Provo Peak Vista, From Orem

Click to see original imageThe mountains rimming Utah Valley are especially beautiful in this season of the year, capped or brocaded with snow that glistens in the sun.

Lone Peak, Timpanogos, Cascade … the string of peaks between Squaw Mountain and Springville … Sierra Bonita (also known as Mt. Flonette and Mapleton Mountain) … Loafer, Nebo at a distance, and many others. Even the less prominent Lake Mountains to the west have special appeal at this time of year.

For the most part, this column is about another favorite mountain, Provo Peak. At 11,068 feet, it is one of our tallest, but interestingly and ironically, the best views of it belong to parts of the valley other than Provo.

Majestic, sometimes cloud-capped, it is located roughly three miles easterly from the ‘Y’ Mountain and Maple Flat.

These latter peaks, which you see at the rim above Provo, are of moderate elevation, comparatively speaking.

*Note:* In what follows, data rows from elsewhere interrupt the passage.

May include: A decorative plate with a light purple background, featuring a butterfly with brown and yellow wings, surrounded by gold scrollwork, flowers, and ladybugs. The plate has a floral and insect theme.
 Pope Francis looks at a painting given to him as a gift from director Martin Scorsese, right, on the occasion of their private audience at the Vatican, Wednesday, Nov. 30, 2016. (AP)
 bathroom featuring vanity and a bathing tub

But because they are so close, they block out the view of Provo Peak for much of the city.

The Uinta Forest map, by the way, lists the ‘Y’ Mountain at 8,568 feet, Maple Flat at 7,764, and Maple Peak (just back of the “Flat”) at 9,089 feet.

Of course you can’t hide a mountain over 11,000 feet high and you can indeed see Provo Peak from many points in the city, especially when you back away from the front mountains.

To me, the best casual vistas of Provo Peak – available to countless motorists every day – are from streets and highways in northern Utah Valley. As you drive southward from such cities as Lehi and American Fork, you can look directly over Rock Canyon and see the peak looming above the landscape in all its glory.

My wife and I stopped the other day at the Mountain View High School parking lot (west on Orem’s Center Street) and really enjoyed the mountain panorama that includes Provo Peak and other of Nature’s landmarks.

You get a different view of the panorama driving from southern points in the valley – Santaquin, Payson, Spanish Fork, etc. From that direction you see the long, snowy ridge back of the front mountains that culminates at Provo Peak. However, the view of the peak itself is less spectacular than from the north.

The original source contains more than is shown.